Close Encounters of the Parental Kind
(My desperation to make sure nothing went wrong during my parent’s visit has left me mercifully bereft of close encounters of the African kind, hence the slight change in emphasis).

I am lucky enough to have truly wonderful parents, but they can also be wonderfully insufferable. I feel licensed to say this by the knowledge that they would say the same about theirs.

As we packed up one morning, I kindly offered to put their suitcase in the van for them. However I was doing it, though, proved utterly unsatisfactory to my Dad – the wrong angle or orientation or off-centre or something – and as the bickering exchange reached a heady crescendo I considered it wiser to step out the way and let him do. But it had dented my patience severely and thus could be considered the precursor to what happened next.

All I did was ask if anyone had a plastic bag for my good shoes so the dust didn’t ruin them, and I set off a chain reaction of events that left me utterly exasperated. My mum suggested I put them in a nearby cardboard box instead, but I told her I thought I’d forget them there. Then my dad (still manipulating the suitcase) managed to produce a plastic bag for me, so I slipped the shoes in and then, out of respect for maternal advice, put them in the box anyway. This is when my mother communicated that she considered that an unnecessary risk now that I had a plastic bag. I sighed – not aggressively, but more of an involuntary exhalation of long-sufferance. I decided instead to tie the handles of the bag to seal it, and just as I began that action, she piped up with “why don’t you just tie the handles?” Patience ebbing, I was tempted to unleash a barrage of vicious sarcasm (“WHAT DO YOU THINK I’M DOING?!?”) but instead opted for a more politely diplomatic “please stop.” I tied the handles once and was about to tie them again to make sure when my mother came in with “once is enough.” My patience ran out. I launched into a lengthy diatribe on the theme of my ability, at an age of a quarter-century, to exercise basic common sense without close parental supervision.

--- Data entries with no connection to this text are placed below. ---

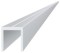 Perfil de sujeción de aluminio para lamas, forma de U, ancho de 20,5 mm, 6 m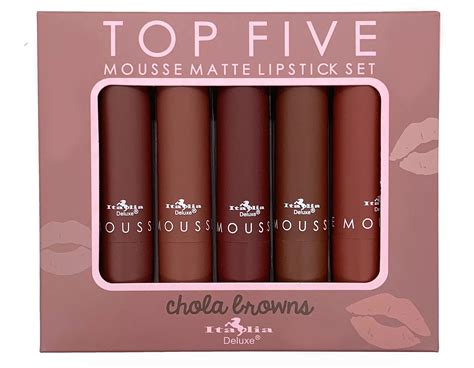 Labiales Chola Browns Mate Mousse Top Five Set 5 Italia Deluxe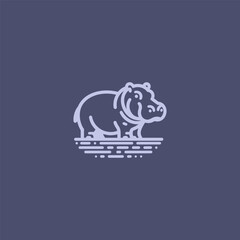 Hippo logo in smooth and simple line art style.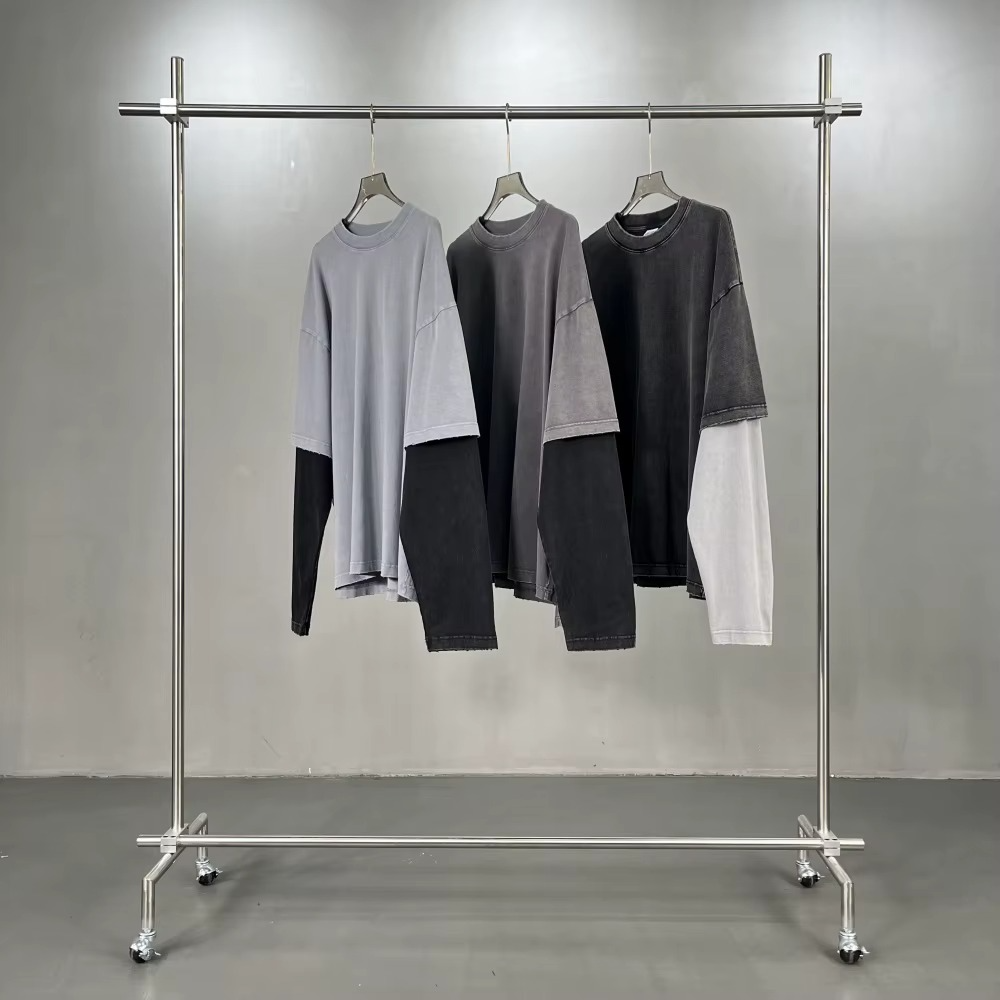 Vintage Long Sleeve T-Shirt Oversized Acid Wash Two Pieces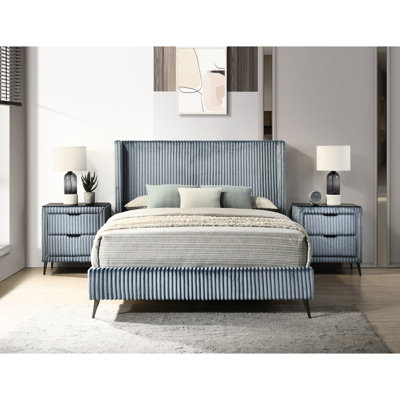 Ensemble de chambre à coucher grand bleu en velours côtelé avec 2 tables de chevet fonctionnelles et mobilier moderne à texture chaleureuse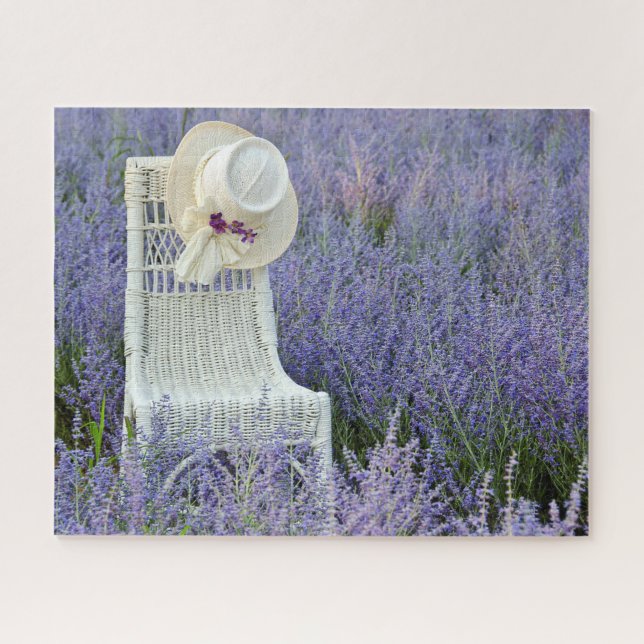 wicker chair in Russian Sage field Jigsaw Puzzle (Horizontal)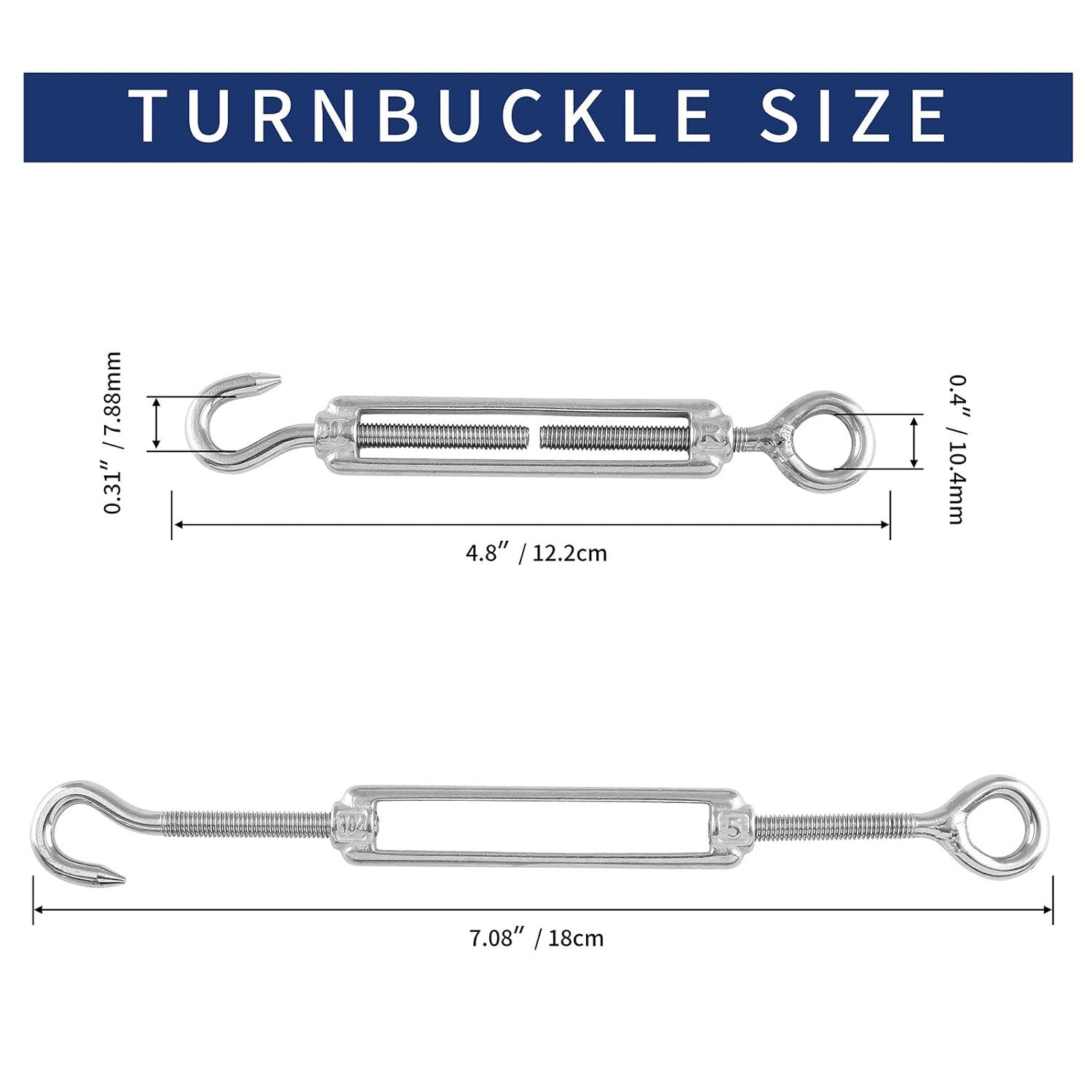 5pcs M5 Stainless Steel 304 Hook & Eye Turnbuckles Adjustable Wire Rope Tensioner V1258-DP02-B-3740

My mother later blamed my request for a plastic bag as the reason for the unprecedented mollycoddling, but I consider this a poor excuse. The fact is parents never stop being parents.

Friendometer

The new year saw me receive an email from a former student of mine:

Alright dude, Mark here, your favourite student, just wondering how things are going down in Africa? Mosquito bites reached a thousand yet? i also hear you are chasing gorillas.. sounds fun. Holla back homie Peace

It may sound like it’s been lifted straight off the streets of Brixton, but that’s pure Salford, that is – prettily laced with irony.

Competition time

OK, OK, when I said misogynist what I meant was misanthropist. Totally deliberate, of course. Thanks Mum. You’re catching up!

Ben 2
Nigel’s Dad 2
Nigel’s Mum 2
Uncle Simon and the Family Hipps 2
Julia 1
Nigel’s Gran 1
Brother David 1
Volunteer Jo 1
Phil 1
Mr Ibbs 1

Some of you may have read Suzanna’s plea for pity points in the comments section. She thinks that as insignificant a gesture of friendship as visiting me is more worthy of points than the correcting the rare errors I’m prone to. Ha! What misguided nonsense.